ROANOKE TIMES

                         Roanoke Times
                 Copyright (c) 1995, Landmark Communications, Inc.

DATE: TUESDAY, June 13, 1995                   TAG: 9506130051
SECTION: BUSINESS                    PAGE: B-8   EDITION: METRO 
SOURCE: Associated Press
DATELINE: WASHINGTON                                LENGTH: Medium


FCC TO LIMIT `SLAMMING'

Swamped by consumer complaints, federal regulators plan to adopt tougher rules against switching customers' long-distance companies without their knowledge, a practice known as ``slamming.''

The Federal Communications Commission, possibly as early as today, plans to act in the area where complaints have been on the rise: long-distance companies' use of contests, prize giveaways, checks and other promotions to lure new customers.

The FCC receives more than 700 complaints a month in this area. ``It is the No. 1 complaint category at the commission,'' said Kathleen Wallman, chief of the FCC's Common Carrier Bureau.

In many of these cases, regulators say, people are unaware that by signing a contest form or consenting to a charitable donation they have agreed to switch to another long-distance company.

If the authorization information is included in the form, they say, it is often buried somewhere in tiny print.

The expected changes, designed to better protect consumers, would be added to existing rules adopted in 1992.

The biggest change, according to FCC officials, speaking on condition of anonymity, would require long-distance companies to provide consumers a piece of paper, separate from promotional material, authorizing a change in service.

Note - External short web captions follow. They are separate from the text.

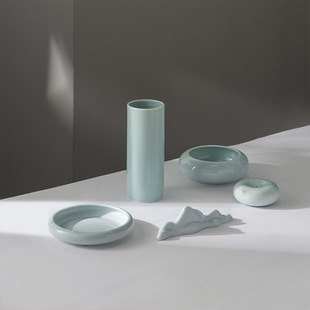Jingdezhen celadon study four treasures suit ceramic pen mountain pen washing pen holder water drop ink plate calligraphy creative ornaments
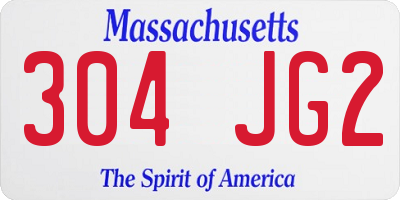 MA license plate 304JG2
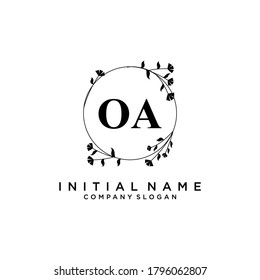 OA Beauty vector initial logo, handwriting logo of initial signature, wedding, fashion, jewerly, boutique, floral and botanical with creative template for any company or business.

For checks, the authorization form would not have to be separate, but it would have to be clearly and prominently marked on the front and the back of the check, according to long-distance company attorneys close to the proceeding.

AT&T and MCI already do this, company officials said. Sprint does not routinely offer checks, said spokeswoman Juanada Teas.

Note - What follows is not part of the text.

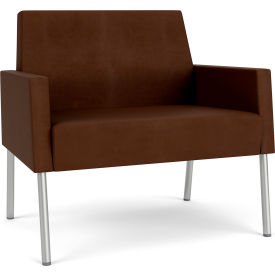 Lesro Mystic Lounge Bariatric Chair Silver Frame Patriot Plus Mocha Vinyl 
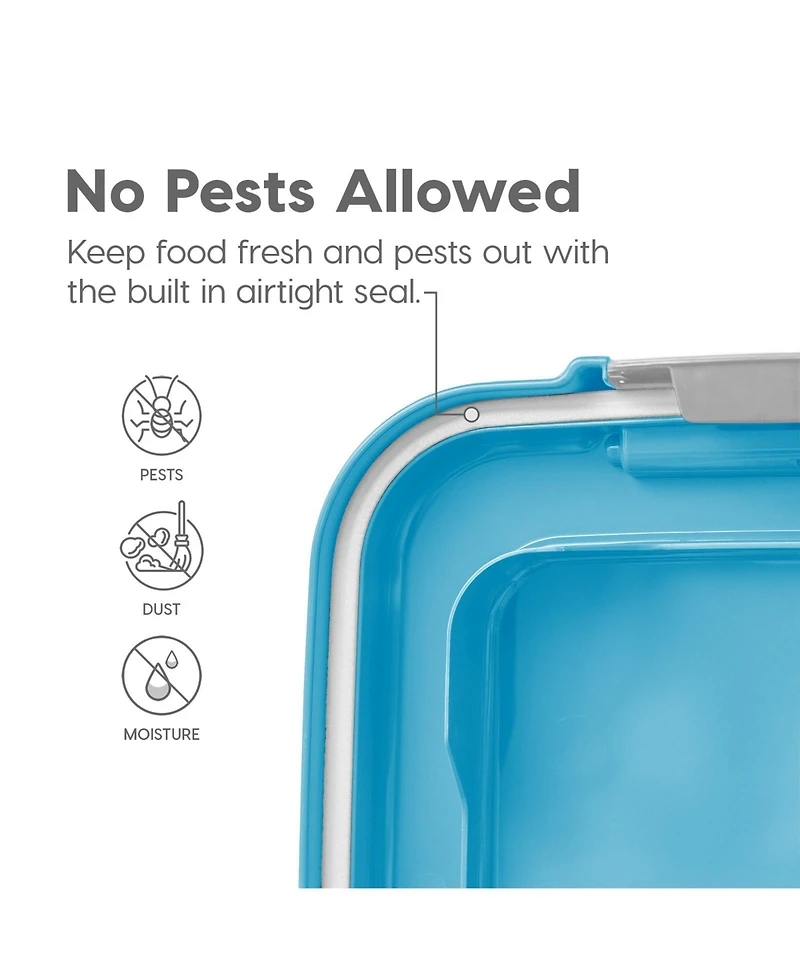 Iris Usa 30 lbs & 11 lbs Combo Airtight Dog Food Storage Container, Stackable Treat Box, 2-Cup Scoop, Casters, Keep Fresh, Easy Mobility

AT&T Vice President Gerry Salemme called the proposed rule changes ``pro-consumer, pro-competitive and well-balanced. ... They should protect customers from unscrupulous activities by a few companies in the industry.''

But an MCI official, who spoke on condition of anonymity, said the provision separating the service authorization from promotional materials is overly broad and would require MCI to change promotions that have not been the source of consumer complaints.

``We're trying to draw a clear line for long-distance companies and consumers,'' Wallman explained. ``So we don't have to get in the business of looking at every way companies market.''

In addition to the Big Three long-distance companies - AT&T, MCI and Sprint - several hundred companies provide long-distance services.

Many of those smaller companies do that by buying service from the big long-distance carriers at a wholesale rate and reselling it at a retail rate.

In another expected change, the FCC would require companies that resell long-distance service to list their own names on the forms authorizing a switch, telecommunications attorneys said.

For instance, MCI, runs a promotion targeting airline customers to switch service. The promotion material and authorization form are in one piece: the folders in which airlines distribute tickets. The new rules would require MCI to change this, the official said.

The MCI official said the rule change should be narrowly tailored to target the practices of companies that have a bad track record.

The authorization language is standard and reads along the lines of: ``I understand by signing this, I authorize a change in my primary long-distance carrier ... .''

Right now, many companies don't identify themselves, but simply tell prospective customers that they resell the service of, for example, AT&T.

Another big complaint comes from people who were switched and billed for calls at a rate higher than their preferred carrier.

Currently, consumers have to pay for those long-distance calls carried by the unauthorized phone company. The FCC is considering changing that.